Sabe aquela sensação de estar perto de algo familiar, mas ao mesmo tempo distante? É assim que me sinto em relação à Mata Atlântica. Vivemos nesse bioma, respiramos seu ar, mas tenho dúvidas se realmente a enxergamos. O dia 27 de maio foi dedicado a ela e essa pergunta se mostra não apenas relevante, mas urgente.

Passeando pelos museus vemos que sobram fotos antigas com homens brancos, sorridentes, ao lado de árvores enormes derrubadas. Parece que celebramos a ausência, a conquista sobre a floresta. A Mata Atlântica, casa de mais de 70% dos brasileiros, carrega a triste marca de ser o bioma mais ameaçado do país. Será que esse é o retrato que queremos deixar para as futuras gerações? Precisamos construir uma nova história!

É comum ouvir pessoas se referindo a um pedaço da nossa floresta como "mato". Mas isso parece diminuir a complexidade e a beleza que reside ali. Aquele conjunto de espécies não é um amontoado de plantas sem importância. É como chamar um quadro de Monet de "borrão". E a verdade é que a Mata Atlântica implora por nossa atenção, da nossa ação, pela urgente regeneração de suas áreas degradadas.

Dias atrás, uma colega educadora me contou algo muito legal. Ela disse que para avaliar o que as crianças absorvem numa visita a um parque natural, é pedido para desenharem uma floresta antes e depois do passeio. No primeiro desenho, geralmente surge um verde meio sem graça e com poucos detalhes. Mas depois da experiência na floresta… ah, o papel ganha vida! Uma infinidade de árvores, flores coloridas, bichos no chão e sobre as árvores. É como se os olhos se abrissem para um mundo novo!

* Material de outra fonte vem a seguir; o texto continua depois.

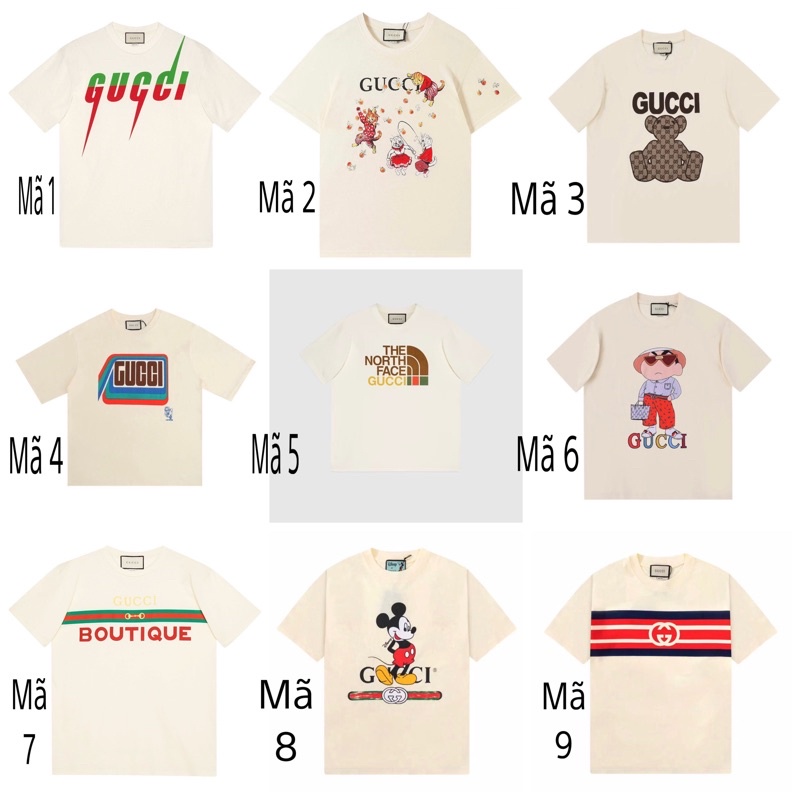 Áo thun Gucci màu be cotton 100% nhiều mẫu cao cấp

Eu confesso que não sou um bom desenhista, mas tive a sorte de caminhar por florestas com pessoas que me ajudaram a conhecer minúcias. Os técnicos da universidade e diversos colegas de trabalho, com seu olhar treinado, apontavam cada detalhe, cada planta rara e cada animal camuflado. Os professores, com a ciência na ponta da língua, me mostravam as intrincadas relações ecológicas. Meus amigos e familiares, com o coração aberto à natureza, compartilhavam sua admiração. Até as crianças, com sua curiosidade aguçada, me fizeram notar coisas que passavam despercebidas.

Essa gente que me mostrou a beleza da Mata Atlântica não aparece - ainda - em fotos de museu. Mas eles estão vivos na minha lembrança e fazem parte do meu desenho da floresta. A minha floresta tem, sim, pessoas, pois devemos estar integrados ao ecossistema, é repleta de muitas plantas, com aves cantando, muita umidade e cheiro de flores.

No remanescente florestal mais bem conservado do Norte do Paraná, o Parque Estadual Mata dos Godoy, já foram catalogadas cerca de 500 espécies de plantas. É muita vida! A gente não precisa saber o nome de cada uma, mas é fundamental entender que as florestas precisam ficar em pé e pulsando em seus incontáveis tons de verde.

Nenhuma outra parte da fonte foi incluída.